# What you have to do
Leave the pictures out and print every record below exactly as it stands.

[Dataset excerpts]
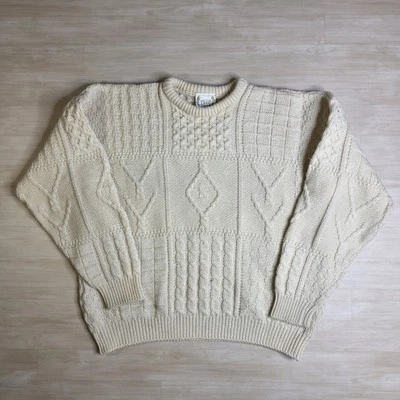 Suéter Carraig Donn Aran Para Hombre XL Crema Cable Tejido Pescador Lana Pura Irlanda Foto 1 de 4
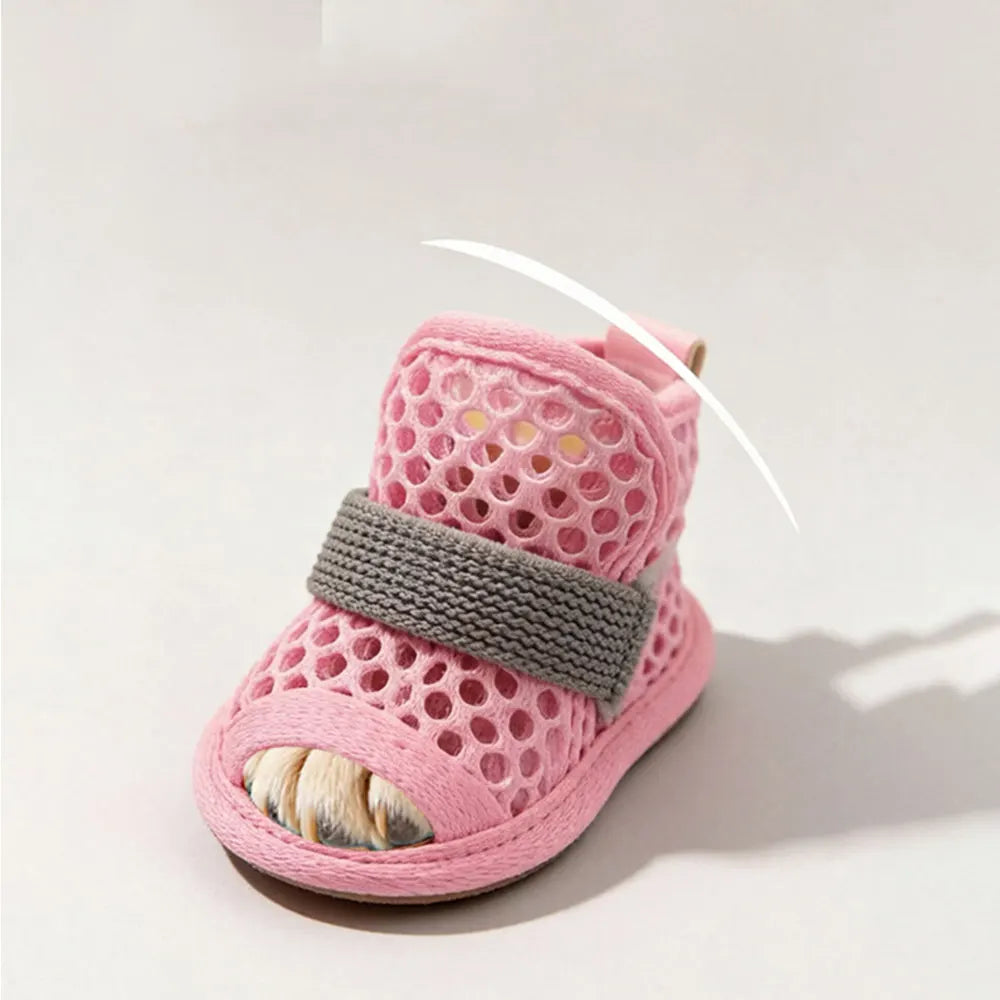 4Pcs Cute Mesh Dog Shoes Soft-sole Non-slip Cooling Dog Boots Elastic Strap Wear-resistant Dog Foot Cover For Small Medium Pets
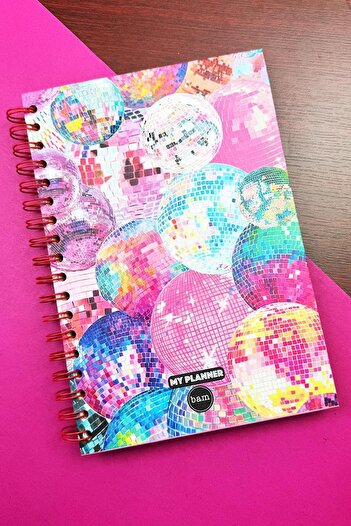 Patladı Gitti Disco Ball Design Spiral Sticker Undated Talking Agenda Weekly Planner Notebook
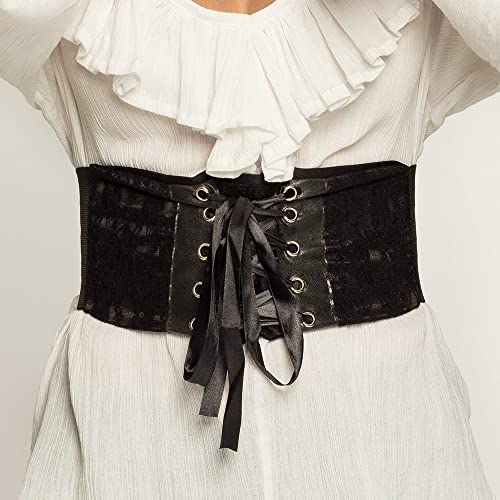 Boland 81033 - Korsett Piratin, schwarz, Größe M/L, stretch, breiter Gürtel für Damen, dehnbare Corsage, Rockerin, Kostüm, Karneval, Mottoparty von Boland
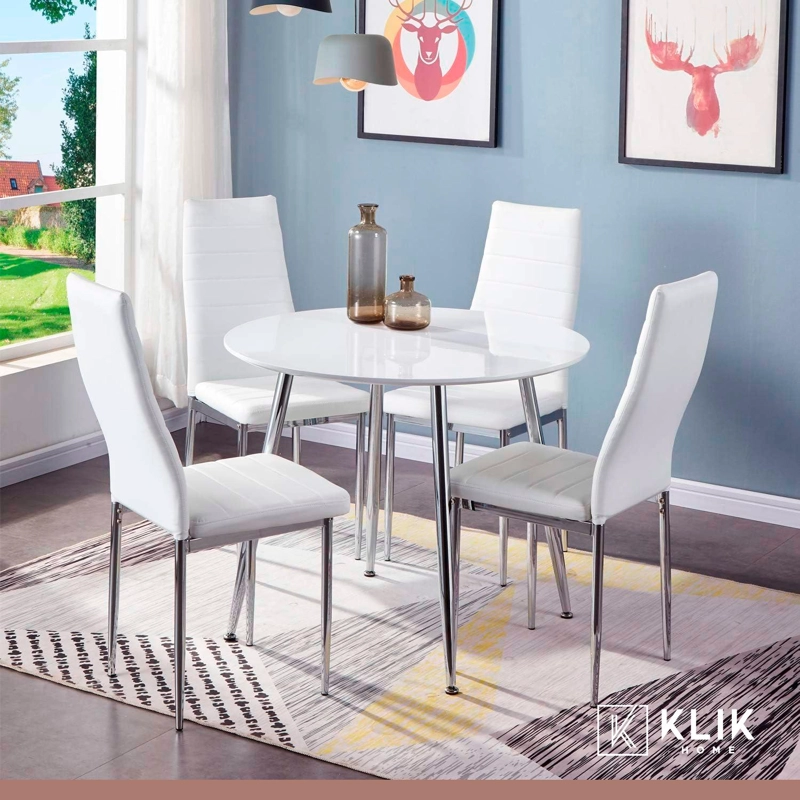 SILLA KLIK MUEBLES DINING LIANA BLANCO ACOLCHADA CON PATAS CROMADAS - 8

# Answer to the problem
 Suéter Carraig Donn Aran Para Hombre XL Crema Cable Tejido Pescador Lana Pura Irlanda Foto 1 de 4
 4Pcs Cute Mesh Dog Shoes Soft-sole Non-slip Cooling Dog Boots Elastic Strap Wear-resistant Dog Foot Cover For Small Medium Pets
 Patladı Gitti Disco Ball Design Spiral Sticker Undated Talking Agenda Weekly Planner Notebook
 Boland 81033 - Korsett Piratin, schwarz, Größe M/L, stretch, breiter Gürtel für Damen, dehnbare Corsage, Rockerin, Kostüm, Karneval, Mottoparty von Boland
 SILLA KLIK MUEBLES DINING LIANA BLANCO ACOLCHADA CON PATAS CROMADAS - 8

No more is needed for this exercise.